Tim, you raise some very important points which should be thought through carefully before attempting to create a CAT module.
Mike Linacre, the author of the paper linked to above, is the programmer behind the Rasch analysis packages "Winsteps" and "Facets", details at www.winsteps.com. Rasch analysis is related to a family of psychometric models called item response theory, or IRT for short. These are very widely used, see for example this paper by Edward Wolfe
Unidimensionality has been argued about for decades in the psychometric literature. Basically, in order to give a meaningful summed score from a test, all items must have a shared underlying unidimensional trait. Even in a very carefully developed test, there will be other small dimensions within the data. Ideally every question will contribute to the main factor plus also contribute a very small unique factor, so technically there will be as many dimensions as there are questions. The question is thus not whether a test is perfectly unidimensional (only a test with a single question will meet that standard), but whether the main trait is sufficiently large that the dataset is "usefully" unidimensional or "essentially" unidimensional. If it is not, then you either need to report the results as two or more separate scores (which you cannot meaningfully add together) or use a multidimensional model such as Wu and Adams discuss
Multidimensional models are complex, controversial, and need extremely large datasets to give any advantage over unidimensional models, so these are utterly impractical for Moodle. Basically, if you want to implement CAT, an assumption that you can't avoid is that all your test questions must largely measure the same unidimensional trait. Many classroom assessments will not meet this standard, so CAT will only be of benefit for users with some grounding in psychometrics and test development. An analogy is comparing a rocket with a bicycle, rockets are faster, but they require users to have a bit more technical know-how to actually be beneficial.
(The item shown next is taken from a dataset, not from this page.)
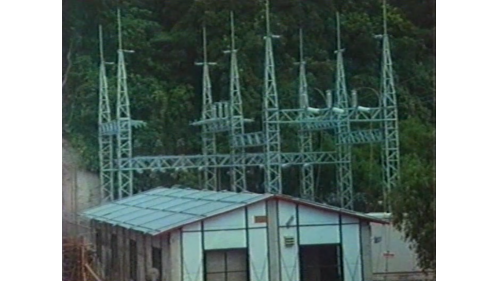 &nbsp;         國道新建工程局委託榮工處在東洞口設立69KV變電站一座，以便供應坪林隧道、彭山隧道，及頭城高架橋預鑄環片場的施工電力。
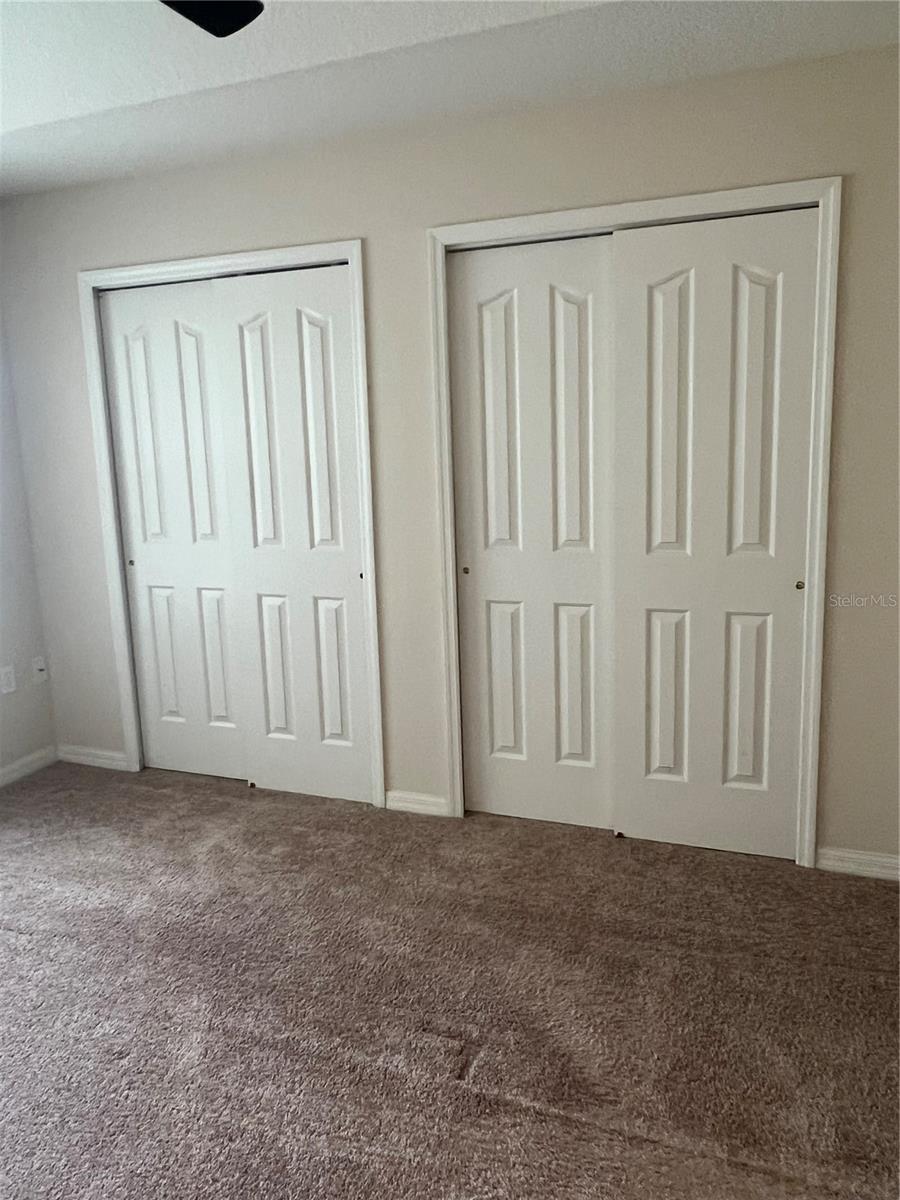 8112 SILENT CREEK DR, TAMPA, FL, 33615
Another fundamental assumption of the IRT model Linacre uses is that persons and items can be mapped onto a single invariant scale. This is essentially built into the definition of measurement underlying that model, so if you don't accept that assumption, you need a different model. Unfortunately, rejecting that assumption implicitly rejects CAT, which requires that persons and test items can be mapped onto a common invariant scale of measurement, otherwise, what basis can you use for matching persons and items?
Those are theoretical issues that have been argued about for decades in the psychometric literature. Personally, I'm satisfied that the theoretical objections to CAT have been adequately addressed, but I'm unconvinced that a Moodle CAT module is a practical undertaking. CAT is of questionable value for classroom level testing, you really need a minimum of 1000 students to make it work, ideally considerably more, so it's not clear to me that there would be much genuine demand for it.
A related problem is that you need very large item banks for CAT to be effective. Test security is critical, so you can't recycle questions too frequently to minimise the chance of students getting the same questions that their friends got in an earlier administration. Although it is apparently possible to pilot CAT with as few as 200 questions, 2000 or more questions seems to be a more realistic minimum, plus continual development of new questions to replace older ones as they become compromised. In other words, if you were to use it for a high-stakes test, you are probably going to need to write 2000 high-quality questions in the first year, and then another 100 per month for as long as you use the test. Classroom teachers rarely have training in writing test questions, so the majority of teacher written items will probably not perform consistently enough to be suitable for CAT.
Finally, there are some basic technical issues with trying to administer CAT over a network rather than as a local installation. Security is an obvious question, high-stakes CAT just doesn't work if the item bank isn't secure, and I don't see the point of trying to use CAT for low-stakes testing. Another is that every time a student responds to a CAT question, an algorithm must be run to decide whether to administer another question and what question is most suitable to be administered next. If all that processing is done by a central server, then performance will suffer during high demand, or it may crash the server completely. Results from students who take the tests during busy times may thus be penalised unless some thought is given to these issues.
On the whole, CAT is technically fascinating development, but for most testing purposes, it strikes me as a solution looking for a problem. It's not something I would rush into without a great deal of consideration.